As of February 2, 2004, the Domain Name resolved to a website that included links to mortgage-related services under captions such as “Mortgage companies,” “cheap mortgages,” etc. As established in the attachments to the Complaint, these links in turn led to a search results page listing “sponsored links,” many of which featured Complainant’s competitors such as Lending Tree, Ameriquest, and Quicken Loans.

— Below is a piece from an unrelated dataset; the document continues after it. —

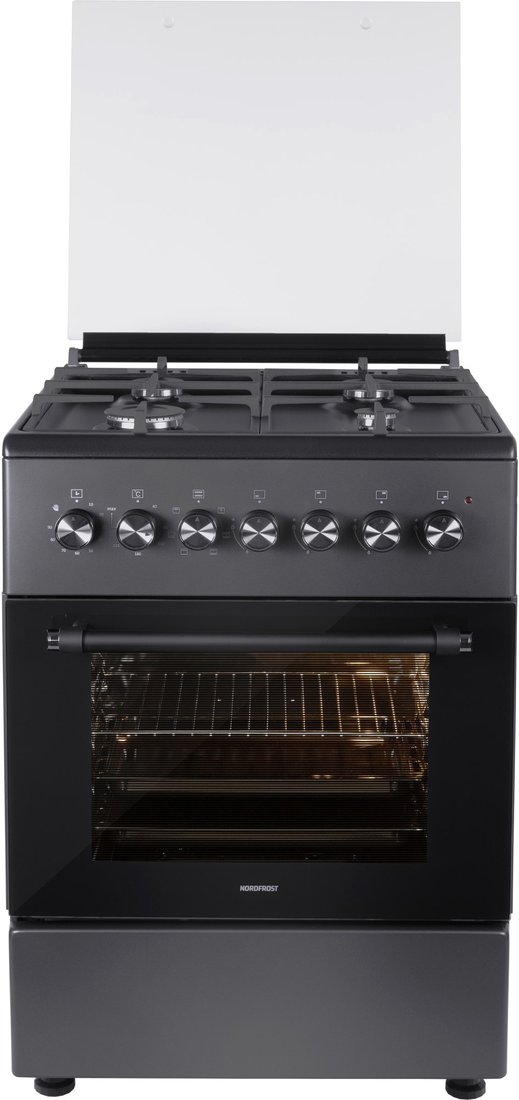 

Кухонная плита Nordfrost GE 6064 Gd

Numerous panels have held that using a domain name confusingly similar to a complainant’s mark to link to a website of the complainant’s competitor constitutes “bad faith” under the Policy. See, e.g. Edmunds.com v. Ultimate Search, Inc., WIPO Case No. D2001-1319 (February 1, 2002) (“[R]egistration and use of a domain name to redirect Internet users to websites of competing organizations constitutes bad faith registration and use under the Policy.”); Netwizards, Inc. v. Spectrum Enterprises, WIPO Case No. D2000-1768 (April 4, 2001) (“[R]egistration and continued use of the contested domain name for re-directing Internet users, i.e. particularly customers and potential customers of the Complainant, from the Complainant’s website to the website of . . . a company which directly competes with the Complainant, constitutes bad faith registration and use.”); Zwack Unicom Ltd v. Duna, WIPO Case No. D2000-0037 (March 10, 2000) (respondent’s linking to complainant’s competitor held to constitute bad faith); Oly Holigan, L.P. v. Private, Case No. FA0011000095940 (N.A.F. December 4, 2000) (finding bad faith where respondent used the disputed domain name to “redirect the Complainant’s consumers and potential consumers to commercial websites which are not affiliated with Complainant”); Marriott International, Inc. v. Kyznetsov, Case No. FA0009000095648 (N.A.F. October 24, 2000) (finding bad faith where respondent registered the domain name <marriottrewards.com> and used it to route internet traffic to another website that “promotes travel and hotel services . . . identical to the services offered by the Complainant”).
For all the foregoing reasons, in accordance with Paragraphs 4(i) of the Policy and 15 of the Rules, the Panel orders that the domain name, <national-city-mortgage.com> be transferred to the Complainant.